TASK INSTRUCTIONS: Return every line below in which "Condo" appears.

DATA FOR THE TASK:

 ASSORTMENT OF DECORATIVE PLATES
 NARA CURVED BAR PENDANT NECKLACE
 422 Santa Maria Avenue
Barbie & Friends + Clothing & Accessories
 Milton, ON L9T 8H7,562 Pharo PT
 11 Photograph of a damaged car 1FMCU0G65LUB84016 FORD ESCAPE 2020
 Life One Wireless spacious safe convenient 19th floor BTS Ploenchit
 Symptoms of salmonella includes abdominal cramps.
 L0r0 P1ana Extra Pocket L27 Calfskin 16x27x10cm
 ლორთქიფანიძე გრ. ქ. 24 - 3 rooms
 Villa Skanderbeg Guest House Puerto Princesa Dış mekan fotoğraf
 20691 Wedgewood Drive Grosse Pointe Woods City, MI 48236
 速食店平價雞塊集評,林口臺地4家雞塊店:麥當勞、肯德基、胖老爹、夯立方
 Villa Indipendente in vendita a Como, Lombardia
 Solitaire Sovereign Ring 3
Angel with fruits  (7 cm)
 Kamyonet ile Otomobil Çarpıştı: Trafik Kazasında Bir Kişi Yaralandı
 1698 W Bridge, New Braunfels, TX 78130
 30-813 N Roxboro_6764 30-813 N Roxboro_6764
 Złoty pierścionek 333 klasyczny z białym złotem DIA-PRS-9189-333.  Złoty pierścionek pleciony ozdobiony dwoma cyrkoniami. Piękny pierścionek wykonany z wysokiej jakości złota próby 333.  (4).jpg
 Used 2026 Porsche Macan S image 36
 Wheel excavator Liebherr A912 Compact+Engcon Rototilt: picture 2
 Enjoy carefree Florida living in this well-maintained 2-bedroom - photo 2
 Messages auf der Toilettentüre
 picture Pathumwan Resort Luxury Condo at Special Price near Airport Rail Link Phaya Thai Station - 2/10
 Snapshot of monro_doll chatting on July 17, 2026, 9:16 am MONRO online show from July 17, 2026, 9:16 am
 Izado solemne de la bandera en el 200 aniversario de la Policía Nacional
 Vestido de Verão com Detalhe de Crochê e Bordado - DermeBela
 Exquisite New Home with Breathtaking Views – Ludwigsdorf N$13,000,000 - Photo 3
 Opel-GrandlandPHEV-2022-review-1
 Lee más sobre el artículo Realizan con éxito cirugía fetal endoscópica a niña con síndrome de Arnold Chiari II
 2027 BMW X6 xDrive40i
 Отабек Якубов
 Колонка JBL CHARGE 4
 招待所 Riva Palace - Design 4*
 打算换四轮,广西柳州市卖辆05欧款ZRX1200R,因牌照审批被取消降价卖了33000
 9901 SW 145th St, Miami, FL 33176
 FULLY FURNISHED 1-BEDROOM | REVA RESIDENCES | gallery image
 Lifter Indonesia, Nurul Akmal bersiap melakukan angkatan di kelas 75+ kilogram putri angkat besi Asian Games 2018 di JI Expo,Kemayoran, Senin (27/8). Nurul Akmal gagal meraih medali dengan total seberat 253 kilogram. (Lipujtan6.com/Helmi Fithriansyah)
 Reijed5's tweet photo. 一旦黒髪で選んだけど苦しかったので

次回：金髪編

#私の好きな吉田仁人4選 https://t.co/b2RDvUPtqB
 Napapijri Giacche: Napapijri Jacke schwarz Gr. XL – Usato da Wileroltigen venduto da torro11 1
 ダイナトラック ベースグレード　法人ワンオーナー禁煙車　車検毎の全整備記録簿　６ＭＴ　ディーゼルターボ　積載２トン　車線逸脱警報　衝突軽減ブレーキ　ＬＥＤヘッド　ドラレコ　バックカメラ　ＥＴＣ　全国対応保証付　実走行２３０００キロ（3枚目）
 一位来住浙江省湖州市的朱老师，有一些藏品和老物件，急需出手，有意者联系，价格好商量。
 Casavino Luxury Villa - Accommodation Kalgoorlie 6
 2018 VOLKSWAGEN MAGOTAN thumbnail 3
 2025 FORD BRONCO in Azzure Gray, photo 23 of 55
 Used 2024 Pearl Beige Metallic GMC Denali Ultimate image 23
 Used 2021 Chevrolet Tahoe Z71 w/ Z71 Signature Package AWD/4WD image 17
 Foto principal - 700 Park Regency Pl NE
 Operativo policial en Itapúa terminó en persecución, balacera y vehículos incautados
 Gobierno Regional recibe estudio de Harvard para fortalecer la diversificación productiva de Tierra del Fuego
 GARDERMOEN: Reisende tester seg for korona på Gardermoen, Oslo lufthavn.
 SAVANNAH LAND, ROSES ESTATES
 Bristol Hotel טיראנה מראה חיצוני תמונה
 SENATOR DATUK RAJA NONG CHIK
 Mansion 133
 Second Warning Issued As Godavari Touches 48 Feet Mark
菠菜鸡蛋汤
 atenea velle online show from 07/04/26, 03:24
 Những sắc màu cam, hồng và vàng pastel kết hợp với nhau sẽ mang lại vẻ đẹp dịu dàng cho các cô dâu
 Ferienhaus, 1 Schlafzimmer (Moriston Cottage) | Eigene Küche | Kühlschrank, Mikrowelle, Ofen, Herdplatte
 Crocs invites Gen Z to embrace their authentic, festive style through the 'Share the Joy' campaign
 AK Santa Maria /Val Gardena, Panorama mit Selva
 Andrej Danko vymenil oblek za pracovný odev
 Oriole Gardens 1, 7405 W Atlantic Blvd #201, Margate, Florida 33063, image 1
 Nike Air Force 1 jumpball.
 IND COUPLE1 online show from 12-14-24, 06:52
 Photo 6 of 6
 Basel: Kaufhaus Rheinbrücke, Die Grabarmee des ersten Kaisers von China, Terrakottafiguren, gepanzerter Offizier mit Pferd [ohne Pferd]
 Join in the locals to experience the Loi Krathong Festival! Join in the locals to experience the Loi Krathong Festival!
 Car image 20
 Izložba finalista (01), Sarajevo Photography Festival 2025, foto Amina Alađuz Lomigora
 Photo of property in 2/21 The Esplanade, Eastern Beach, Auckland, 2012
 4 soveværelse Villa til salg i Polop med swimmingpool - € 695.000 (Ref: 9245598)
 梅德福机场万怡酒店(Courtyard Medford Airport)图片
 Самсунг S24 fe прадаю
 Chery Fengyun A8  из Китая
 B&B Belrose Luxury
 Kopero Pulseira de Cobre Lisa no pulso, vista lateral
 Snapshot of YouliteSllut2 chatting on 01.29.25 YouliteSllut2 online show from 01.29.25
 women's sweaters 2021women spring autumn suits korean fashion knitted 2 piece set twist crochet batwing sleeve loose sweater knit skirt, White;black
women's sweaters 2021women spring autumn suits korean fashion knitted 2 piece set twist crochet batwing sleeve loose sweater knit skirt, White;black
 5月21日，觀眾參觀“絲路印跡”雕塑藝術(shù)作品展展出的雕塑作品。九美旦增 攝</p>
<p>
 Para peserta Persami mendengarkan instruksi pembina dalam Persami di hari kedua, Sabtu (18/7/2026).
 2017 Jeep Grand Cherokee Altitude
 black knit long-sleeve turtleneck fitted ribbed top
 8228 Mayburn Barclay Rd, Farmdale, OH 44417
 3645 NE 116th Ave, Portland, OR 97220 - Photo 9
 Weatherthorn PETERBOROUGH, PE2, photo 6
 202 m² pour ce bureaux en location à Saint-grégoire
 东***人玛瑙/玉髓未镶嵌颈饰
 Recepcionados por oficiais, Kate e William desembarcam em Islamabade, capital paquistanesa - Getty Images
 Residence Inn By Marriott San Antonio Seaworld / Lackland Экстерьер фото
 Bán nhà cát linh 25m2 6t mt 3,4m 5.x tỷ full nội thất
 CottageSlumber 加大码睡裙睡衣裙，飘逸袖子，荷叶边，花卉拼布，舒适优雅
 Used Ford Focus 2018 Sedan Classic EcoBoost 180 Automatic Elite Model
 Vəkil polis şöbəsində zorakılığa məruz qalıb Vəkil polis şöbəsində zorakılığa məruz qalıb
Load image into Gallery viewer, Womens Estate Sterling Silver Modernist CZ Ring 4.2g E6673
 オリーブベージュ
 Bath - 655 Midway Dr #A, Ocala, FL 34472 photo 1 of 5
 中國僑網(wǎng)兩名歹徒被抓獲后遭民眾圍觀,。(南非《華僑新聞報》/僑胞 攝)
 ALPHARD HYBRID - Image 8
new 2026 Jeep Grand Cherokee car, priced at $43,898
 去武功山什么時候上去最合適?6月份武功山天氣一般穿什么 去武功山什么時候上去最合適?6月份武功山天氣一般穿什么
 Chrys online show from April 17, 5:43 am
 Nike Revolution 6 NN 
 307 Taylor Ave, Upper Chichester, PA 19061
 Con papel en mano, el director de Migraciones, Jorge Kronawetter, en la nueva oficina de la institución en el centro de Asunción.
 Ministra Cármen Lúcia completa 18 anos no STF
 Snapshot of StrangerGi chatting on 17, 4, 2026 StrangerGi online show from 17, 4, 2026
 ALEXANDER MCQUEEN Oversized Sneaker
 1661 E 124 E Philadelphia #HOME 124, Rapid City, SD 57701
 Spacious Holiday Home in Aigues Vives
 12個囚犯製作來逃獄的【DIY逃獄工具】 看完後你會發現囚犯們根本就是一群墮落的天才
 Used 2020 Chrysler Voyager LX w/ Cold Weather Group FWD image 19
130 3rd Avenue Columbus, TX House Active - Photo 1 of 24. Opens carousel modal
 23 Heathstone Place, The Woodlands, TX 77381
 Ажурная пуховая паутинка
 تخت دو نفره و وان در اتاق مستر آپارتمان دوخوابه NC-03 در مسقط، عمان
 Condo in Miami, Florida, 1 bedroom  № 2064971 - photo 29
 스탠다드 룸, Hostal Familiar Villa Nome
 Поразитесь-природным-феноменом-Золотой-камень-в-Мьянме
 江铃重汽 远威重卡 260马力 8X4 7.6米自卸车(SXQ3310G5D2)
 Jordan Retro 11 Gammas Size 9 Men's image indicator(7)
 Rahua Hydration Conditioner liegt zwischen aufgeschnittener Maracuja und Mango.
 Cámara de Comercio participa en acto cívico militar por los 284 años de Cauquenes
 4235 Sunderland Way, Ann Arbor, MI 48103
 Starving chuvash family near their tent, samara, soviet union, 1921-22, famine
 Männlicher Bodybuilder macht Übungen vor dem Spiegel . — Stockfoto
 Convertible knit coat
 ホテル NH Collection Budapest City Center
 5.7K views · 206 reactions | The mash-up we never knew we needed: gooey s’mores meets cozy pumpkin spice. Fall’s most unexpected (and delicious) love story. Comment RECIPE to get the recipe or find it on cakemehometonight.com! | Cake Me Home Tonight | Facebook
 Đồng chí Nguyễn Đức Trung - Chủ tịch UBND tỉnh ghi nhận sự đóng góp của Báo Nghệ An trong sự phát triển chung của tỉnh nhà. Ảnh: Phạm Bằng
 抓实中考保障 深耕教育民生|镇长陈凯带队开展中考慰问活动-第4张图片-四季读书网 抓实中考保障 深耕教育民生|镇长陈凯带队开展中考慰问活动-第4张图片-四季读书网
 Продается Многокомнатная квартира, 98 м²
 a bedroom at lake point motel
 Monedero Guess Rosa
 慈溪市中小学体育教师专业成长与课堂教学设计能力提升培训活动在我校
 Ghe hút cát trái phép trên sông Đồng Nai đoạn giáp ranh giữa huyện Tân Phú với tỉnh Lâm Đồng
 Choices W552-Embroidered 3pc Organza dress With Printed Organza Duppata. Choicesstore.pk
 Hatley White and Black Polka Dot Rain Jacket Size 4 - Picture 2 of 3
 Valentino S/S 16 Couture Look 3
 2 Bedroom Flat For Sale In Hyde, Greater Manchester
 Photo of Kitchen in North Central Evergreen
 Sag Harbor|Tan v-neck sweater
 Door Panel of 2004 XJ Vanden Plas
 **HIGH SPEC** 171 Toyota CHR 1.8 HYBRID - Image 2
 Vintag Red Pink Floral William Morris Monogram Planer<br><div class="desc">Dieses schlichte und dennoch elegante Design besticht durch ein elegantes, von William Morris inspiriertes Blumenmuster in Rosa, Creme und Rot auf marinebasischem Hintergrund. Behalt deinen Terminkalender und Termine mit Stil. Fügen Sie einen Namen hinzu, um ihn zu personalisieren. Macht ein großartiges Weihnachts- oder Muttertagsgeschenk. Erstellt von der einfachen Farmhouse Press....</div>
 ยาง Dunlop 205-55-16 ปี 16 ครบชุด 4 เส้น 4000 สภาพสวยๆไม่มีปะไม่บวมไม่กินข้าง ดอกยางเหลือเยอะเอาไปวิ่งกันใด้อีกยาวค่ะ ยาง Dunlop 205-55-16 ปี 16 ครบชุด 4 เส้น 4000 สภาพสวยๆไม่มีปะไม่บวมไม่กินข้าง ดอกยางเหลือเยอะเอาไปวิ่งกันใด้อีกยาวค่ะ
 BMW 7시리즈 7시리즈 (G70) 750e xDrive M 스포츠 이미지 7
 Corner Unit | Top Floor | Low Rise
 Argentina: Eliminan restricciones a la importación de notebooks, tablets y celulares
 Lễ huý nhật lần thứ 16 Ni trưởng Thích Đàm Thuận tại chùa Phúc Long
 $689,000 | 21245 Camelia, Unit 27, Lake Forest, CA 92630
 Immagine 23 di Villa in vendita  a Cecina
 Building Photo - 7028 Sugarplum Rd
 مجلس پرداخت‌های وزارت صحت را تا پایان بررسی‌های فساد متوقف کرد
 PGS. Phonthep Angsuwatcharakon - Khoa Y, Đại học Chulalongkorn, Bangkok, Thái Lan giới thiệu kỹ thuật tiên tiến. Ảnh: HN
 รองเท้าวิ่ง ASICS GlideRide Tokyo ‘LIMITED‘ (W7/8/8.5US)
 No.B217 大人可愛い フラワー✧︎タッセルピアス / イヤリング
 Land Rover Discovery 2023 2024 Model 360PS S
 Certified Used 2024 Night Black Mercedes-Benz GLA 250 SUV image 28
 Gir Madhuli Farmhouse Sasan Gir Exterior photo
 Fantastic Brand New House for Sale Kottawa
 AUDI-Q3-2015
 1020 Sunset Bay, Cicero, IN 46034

RESULT OF THIS TASK:
 picture Pathumwan Resort Luxury Condo at Special Price near Airport Rail Link Phaya Thai Station - 2/10
 Condo in Miami, Florida, 1 bedroom  № 2064971 - photo 29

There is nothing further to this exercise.